Monde arabe : le printemps des désillusions...
Par N.TPublié le
En Egypte, le maréchal Tantawi, chef du Conseil suprême de l’armée, à la tête de l’Etat depuis la chute de Hosni Moubarak, doit se friser la moustache à l’heure qu’il est, et les officiers supérieurs se caresser la bedaine… L’institution n’a rien à craindre de l’issue du second tour des présidentielles.
La partie se joue désormais entre le général à la retraite, Ahmed Chafik, dernier premier ministre du Raïs déchu et le Frère musulman Mohamed Morsi, candidat du Parti de la Liberté et de la Justice (PLJ), qui arrivent au coude-à-coude.
Le premier veillera naturellement à la tranquillité des affaires de l’armée, préservera sans rechigner son emprise sur l’économie, ne touchera pas au budget faramineux qui lui est alloué, assurera la prolongation de carrière des officiers aux postes clés de la Fonction publique et des ministères… Ce sera le changement dans la continuité espérée.
Le deuxième se pliera sûrement sans résistance aux arrangements entre la branche politique de son camp et les militaires. Ces derniers fixeront les lignes rouges à ne pas dépasser sur le terrain d’une démocratie de façade et laisseront les Frères savourer un pouvoir qu’ils attendent depuis des décennies. Les militaires sont convaincus qu’ils vont vite s’user dans cette épreuve, provoquer un désenchantement dans la population et retourner vendre le paradis auprès des couches misérables de la société égyptienne.
Les luttes se sont considérablement affaiblies...
L’armée tire ainsi son épingle du jeu après avoir contenu et brisé l’élan révolutionnaire de la place Tahir. Le chantage au chaos a semé la peur et conditionné le choix d’une majorité des électeurs, désormais prêts à s’en remettre aux caciques de l’ère Moubarak ou à tenter l’aventure islamiste.
Les «forces vives» dont principalement la jeunesse, n’ont fait qu’ébranler le régime dictatorial. L’Egypte n’échappe pas à cette malédiction qui frappe la démocratie naissante dans les pays arabes. Celle-ci n'arrive pas à éclore. Partout, les luttes auréolées d’un "printemps" symbolisant le renouveau et l’espoir, se sont considérablement affaiblies.

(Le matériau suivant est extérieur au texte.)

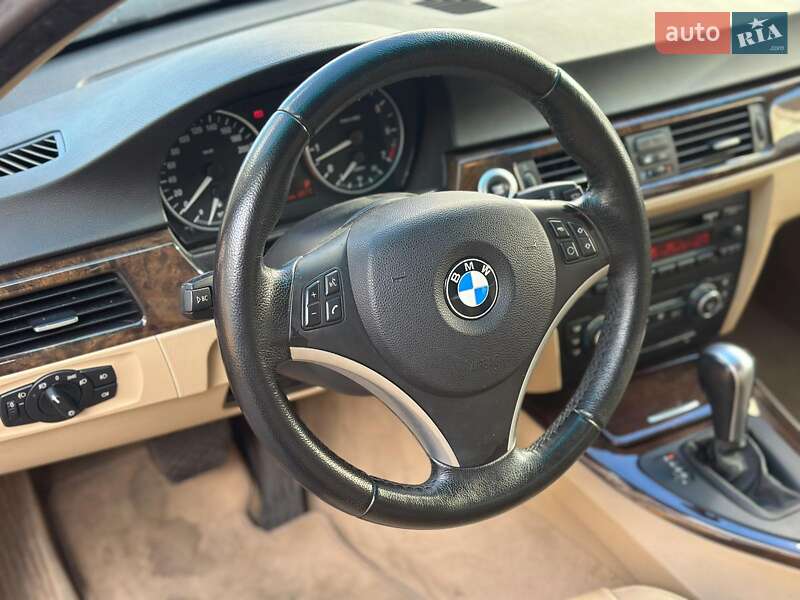 Седан BMW 3 Series 2007 в Одессе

En Tunisie, le pouvoir peine à soutenir les démocrates confrontés à la montée des islamistes intégristes; au Maroc, l’opposition s’accommode des concessions offertes par le souverain et la contestation s’épuise; en Algérie, les partis au pouvoir ont tiré profit de l’abstention pour conserver la majorité au parlement, syndicats et associations restent interdits d’expression publique, les atteintes aux libertés se multiplient et la corruption s’est enracinée dans toutes les strates de la société. Au Yémen et à Bahreïn, les révolutions se sont tristement écrasées, sous l’œil indifférent de la Communauté internationale; en Libye, le Conseil national de transition tente d’éviter un déchirement de la société sous pression des luttes tribales et de clans puissamment armés; en Syrie, assuré du double soutien russe et chinois Bachar Al-Assad commandite des actes d'assassinats collectifs sur les populations qui contestent son régime et menace d’embraser toute la région...
Partout, le « printemps arabe » s’est ainsi abîmé dans la désillusion et a besoin d'un souffle nouveau, ainsi que d'un soutien plus ferme et plus concret de la Communauté internationale qui se contente pour l'instant de palabres et de déclarations de principe.